- _TASK REQUIREMENTS_
Starting from the line with "Two cyclists on" and going up to and including the line with "una casa blanca", copy the listing below exactly. Leave all images out.

- _EXTRACTED INFORMATION_
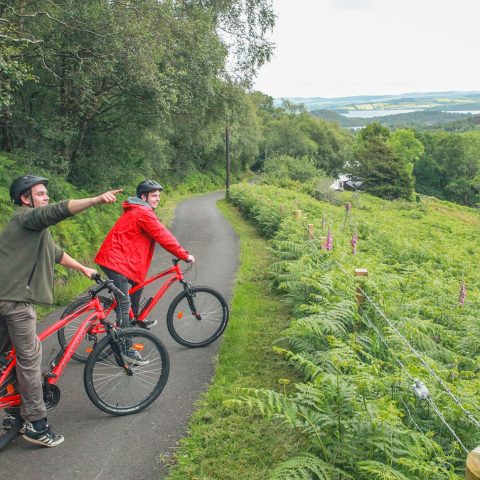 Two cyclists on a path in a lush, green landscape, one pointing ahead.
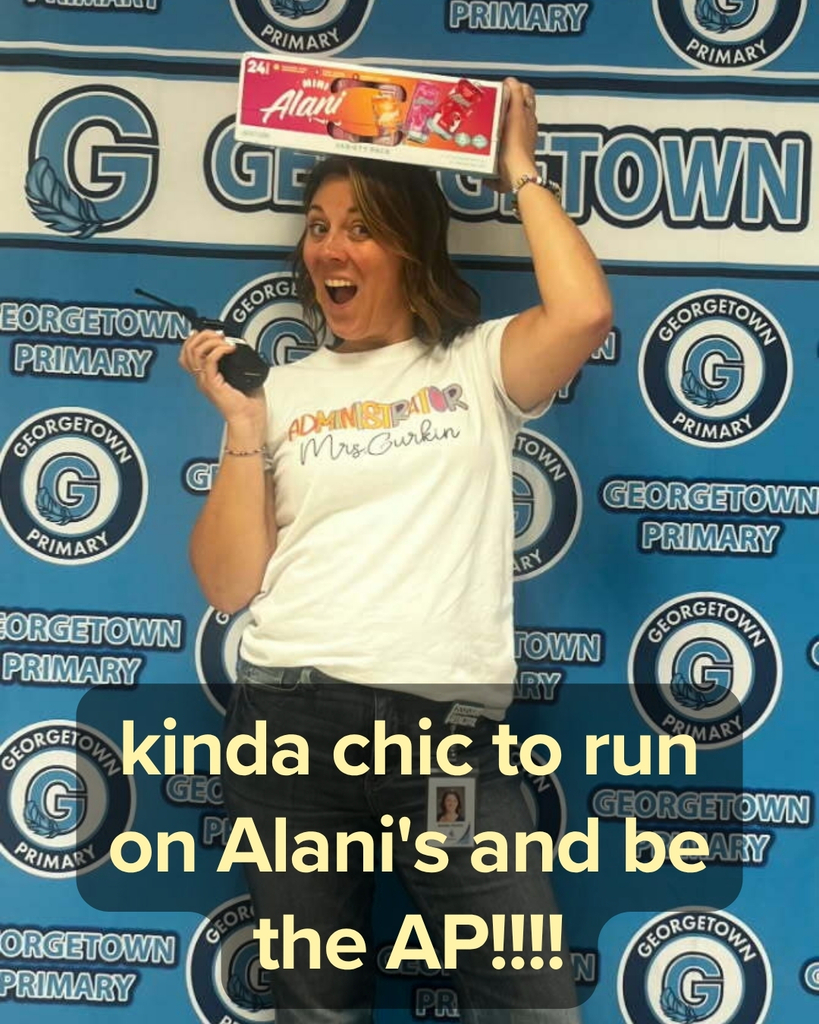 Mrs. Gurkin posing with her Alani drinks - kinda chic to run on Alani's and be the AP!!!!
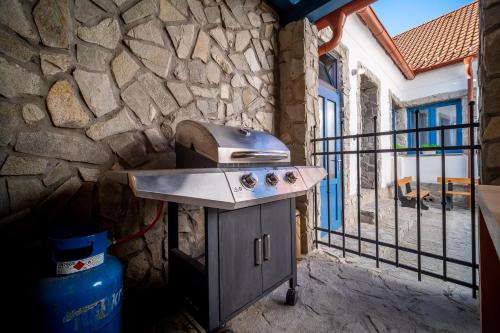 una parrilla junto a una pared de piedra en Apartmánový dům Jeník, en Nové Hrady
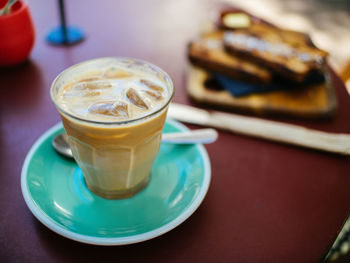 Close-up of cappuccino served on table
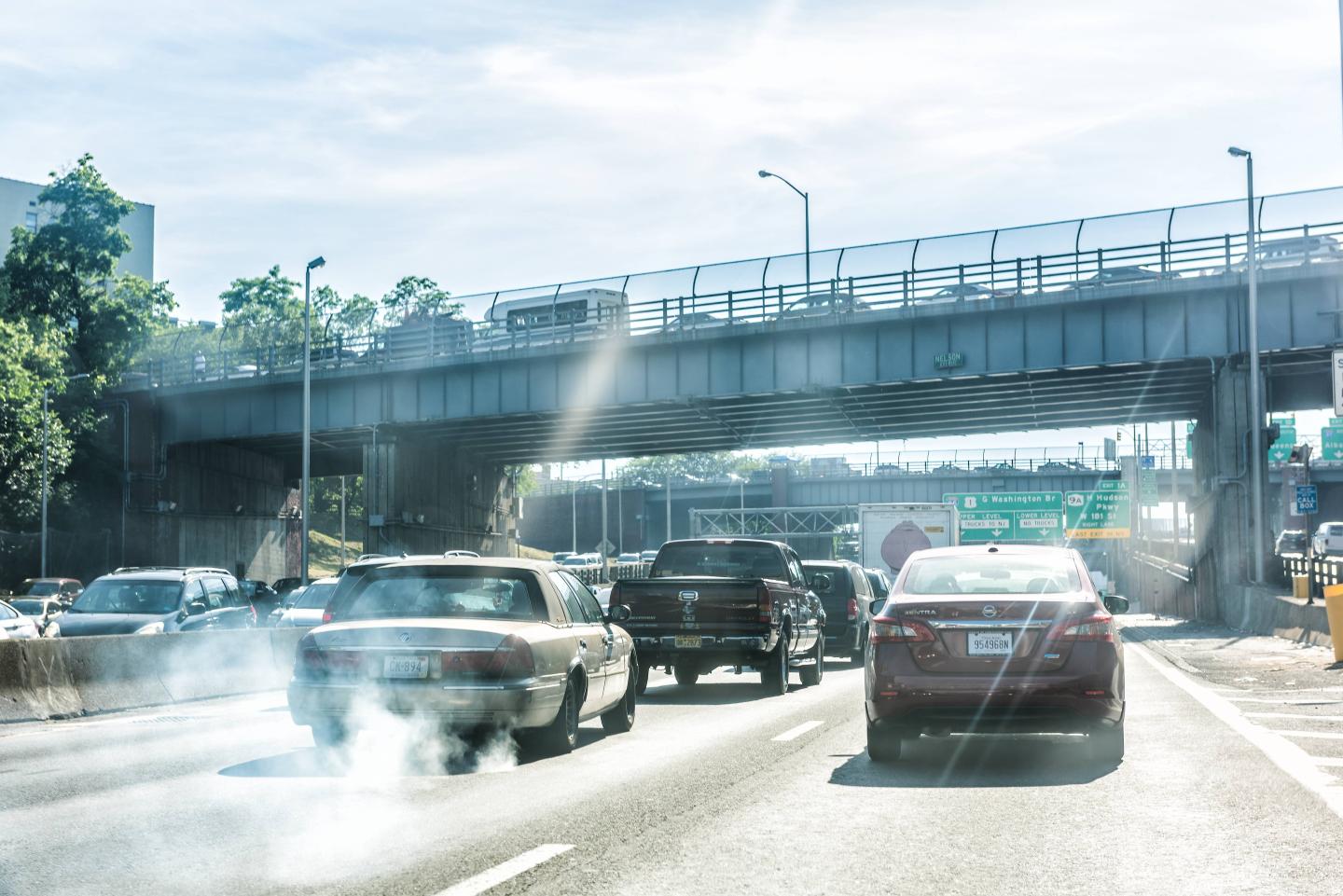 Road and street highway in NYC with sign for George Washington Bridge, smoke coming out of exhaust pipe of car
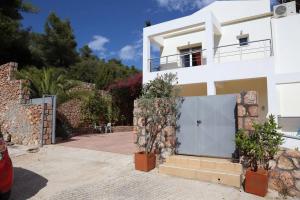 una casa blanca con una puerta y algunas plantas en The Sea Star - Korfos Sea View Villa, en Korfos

* * *

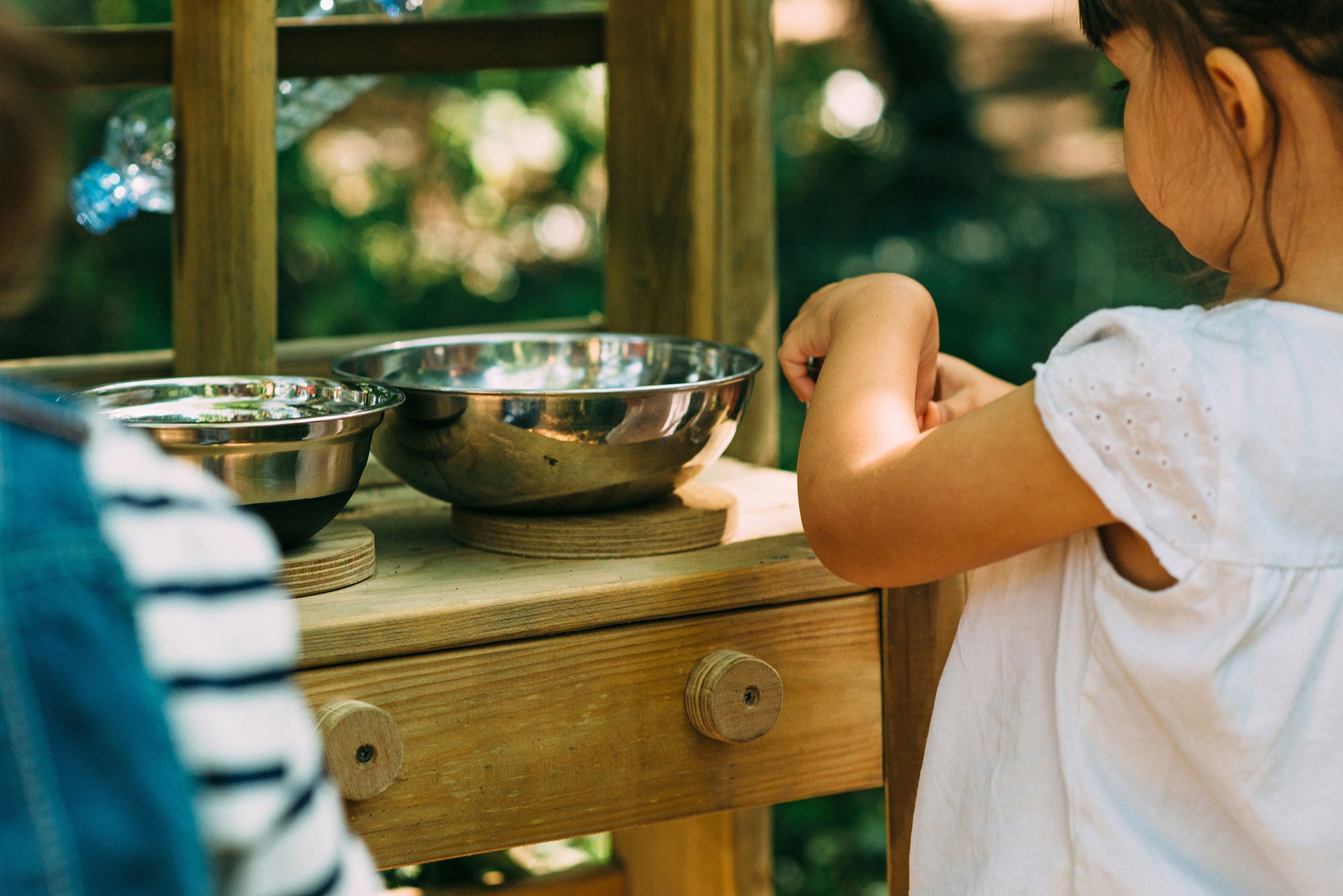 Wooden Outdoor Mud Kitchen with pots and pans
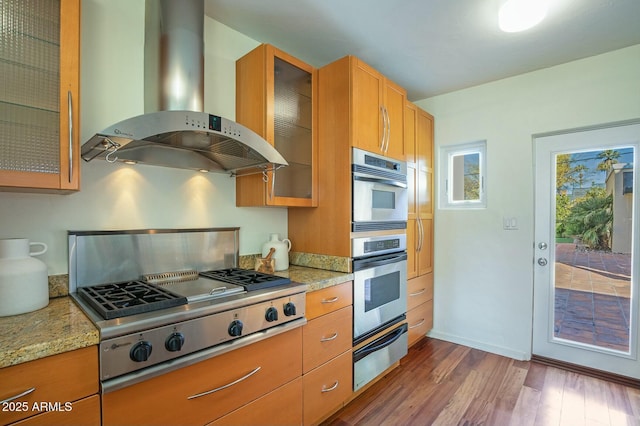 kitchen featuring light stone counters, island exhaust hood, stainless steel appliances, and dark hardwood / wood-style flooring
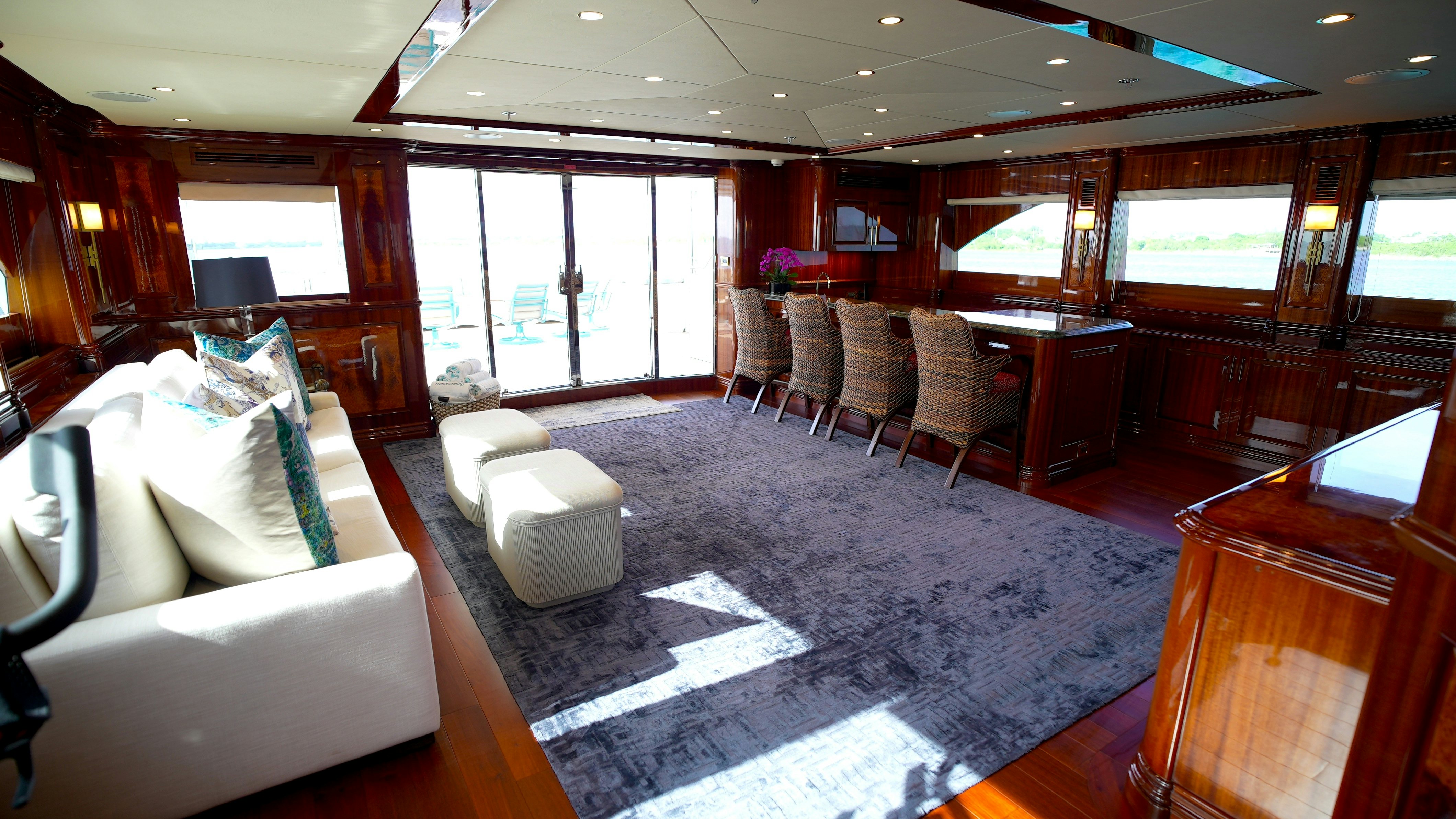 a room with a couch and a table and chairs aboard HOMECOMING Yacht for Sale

==

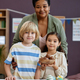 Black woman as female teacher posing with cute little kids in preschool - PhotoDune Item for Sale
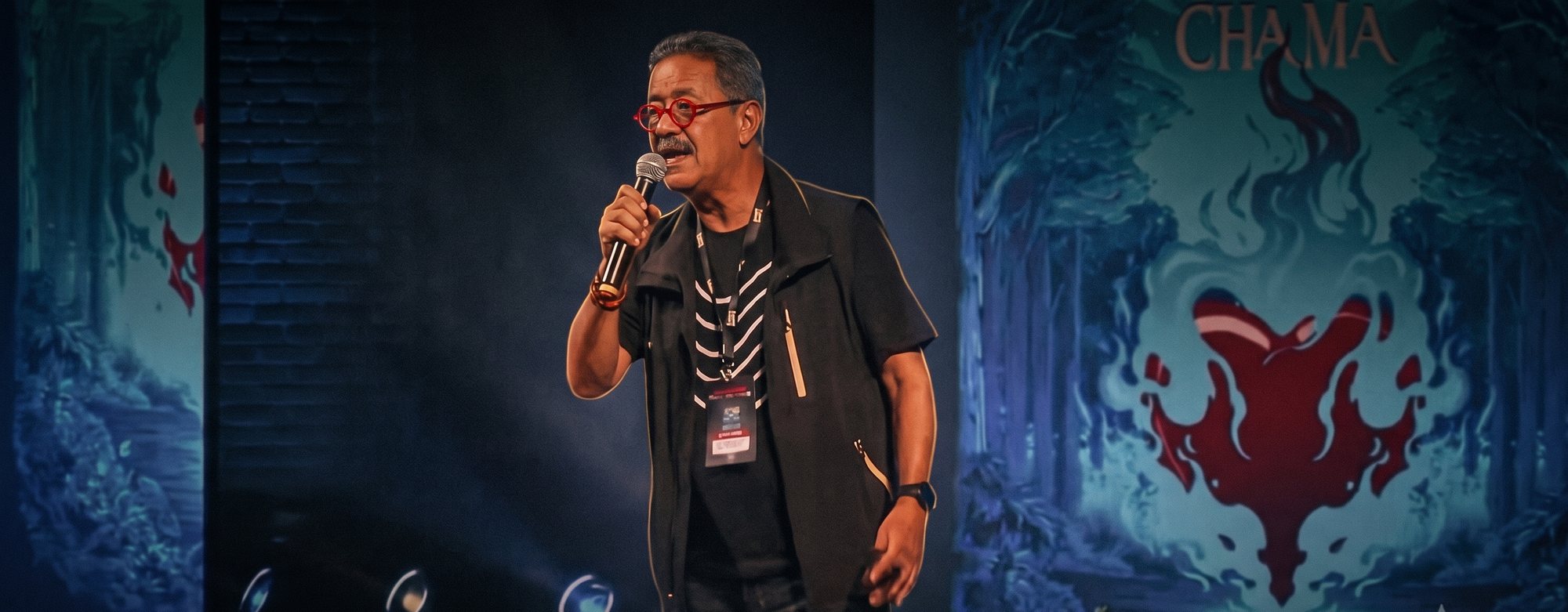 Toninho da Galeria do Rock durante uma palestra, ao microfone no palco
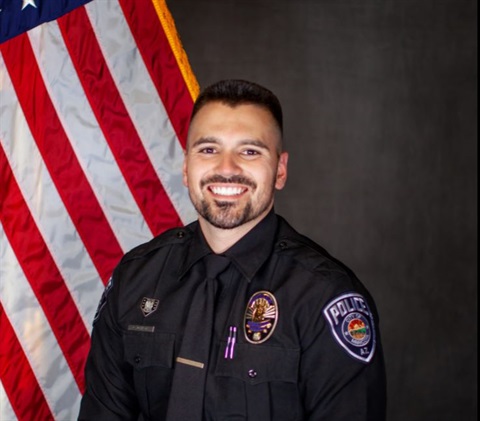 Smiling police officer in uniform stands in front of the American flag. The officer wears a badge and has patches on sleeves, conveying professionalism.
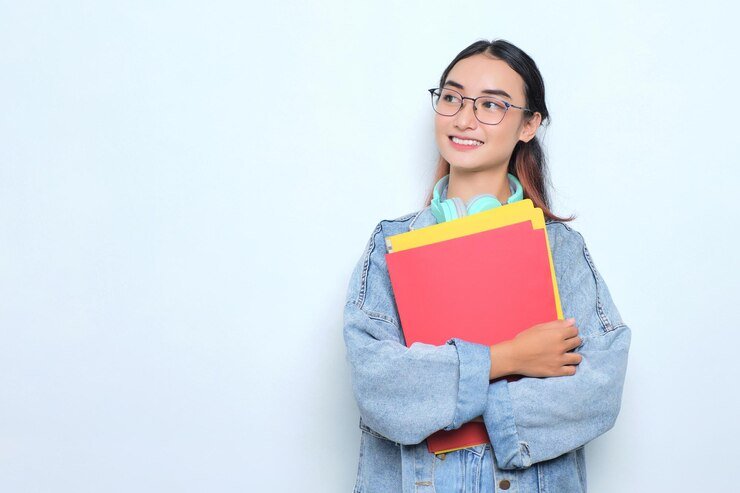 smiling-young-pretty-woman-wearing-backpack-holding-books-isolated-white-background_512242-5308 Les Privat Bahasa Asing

- _OUTPUT_
 Two cyclists on a path in a lush, green landscape, one pointing ahead.
 Mrs. Gurkin posing with her Alani drinks - kinda chic to run on Alani's and be the AP!!!!
 una parrilla junto a una pared de piedra en Apartmánový dům Jeník, en Nové Hrady
 Close-up of cappuccino served on table
 Road and street highway in NYC with sign for George Washington Bridge, smoke coming out of exhaust pipe of car
 una casa blanca con una puerta y algunas plantas en The Sea Star - Korfos Sea View Villa, en Korfos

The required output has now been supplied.